Она решила идти до конца, доказав Алессандро, что не только венецианцы могут быть умные.
– Люблю Сенеку старшего. Но это не значит, что всё подряд. Из наук привлекает история, взаимоотношение людей, медицина, грамота и поэзия. Из философии – ненавижу всеми любимого Платона. Особенно его Пятую Книгу Государства.
Её живой, не загроможденный ум увлек Тарроса. У неё были свои свежие взгляды на общепринятые вещи, и он давно это заметил.
– И что же тебя так разозлило в Платоне? – спросил Таррос.
– В Пятой Книге Государства есть понятие «Общность жен и детей» для таких как Вы, командир. – она показала на Тарроса бровями. Ее мужская нахальность поражала Алессандро.
Таррос улыбнулся.
– Прости, я чуть-чуть подзабыл, о чём там шла речь… Напомни, пожалуйста? – сконфуженно попросил Таррос.

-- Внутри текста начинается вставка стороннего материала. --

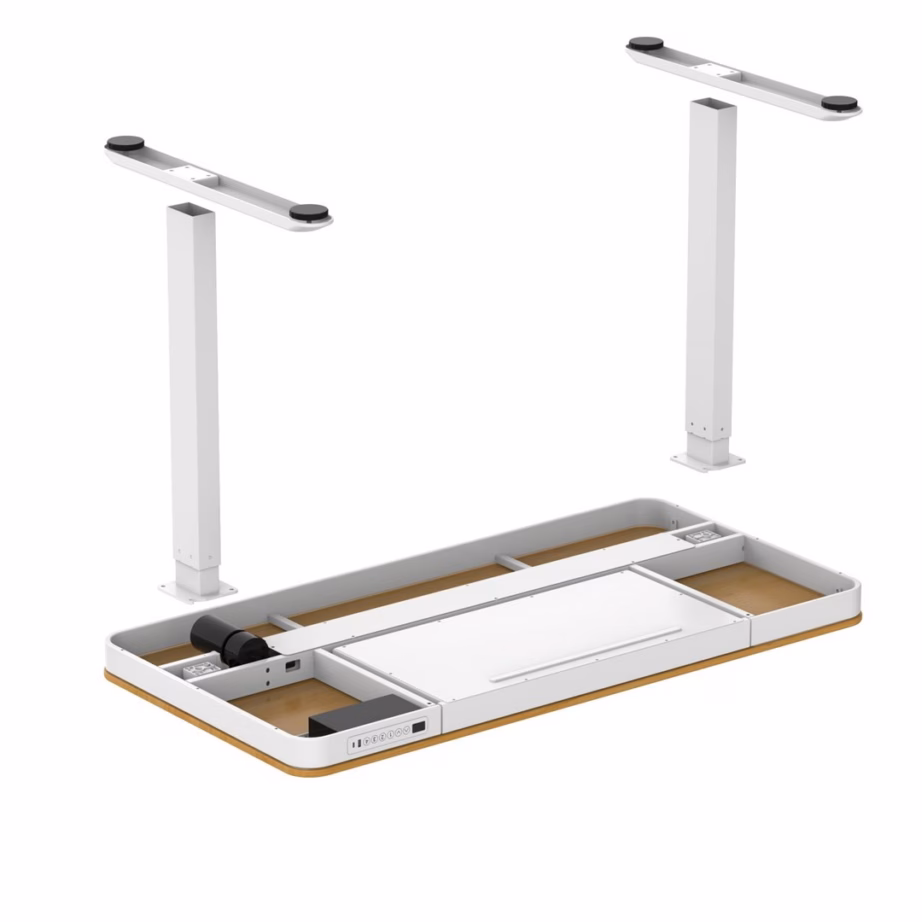 Mälufunktsiooniga elektriliselt reguleeritav kirjutuslaud Activejet ET119S, 120 × 60 cm, valge/tammepuidu tooni - 12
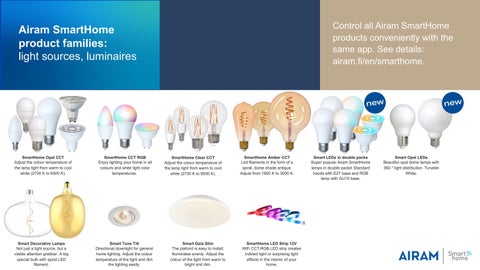 Airam - Lighting 灯饰目录 · Airam SmartHome products 2022 第 3 页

– Он говорит, что из мужчин и женщин, которым присуща природная черта стражников, то есть вкус войны, будут выбираться лучшие. Их будут обучать гимнастике телесной и развивать умственно. Они будут жить обобщенно, и из их потомства будут отбираться только сильнейшие. Остальных забракуют, лишат жизни.
– А ты читала, каким образом они должны будут заниматься гимнастикой? – издевательски спросил Алессандро.
– Это отдельный вопрос. Платон кидается от одной безумной крайности к другой.
– Ты перебил её. – грубо сказал Таррос. – Продолжай. – он поменял тон.
– Так вот. Эти бедные «избранные» по его идее не должны были иметь дом, семью, детей. У них все будет общим. Общие жены… Общие мужья… В идеале – никто даже не будет знать, кто его отец. И сразу же он впадает в противоречие со своим больным замыслом – им будут запрещать родственное кровосмешение. А кто даст гарантию, что, когда тебе 55 лет, и пришла новая общая, извините за выражение «жена» 20 лет от роду – что она не твоя дочь, или даже более того, внучка? – ее красивое лицо было преисполнено брезгливого негодования.
– Ты права. – согласился Таррос. – Вопреки мнению почитателей Платона. А их – большинство.
– Вообще меня поражает одна вещь, – продолжила вошедшая в раж Эрис, – кто дал право некоторым законописцам, считающим себя умными людьми, избранными мыслителями, вершить судьбы народов? Не забываем, что эти небожители тоже ходят по нужде, спят и едят.
– Как говорится, никто не живёт воздухом. – Алессандро рассмеялся. Таррос же наоборот оставался крайне серьезным, внимательно слушая такую неожиданную Эрис.
– Никто не дал им такое право. – согласился командир.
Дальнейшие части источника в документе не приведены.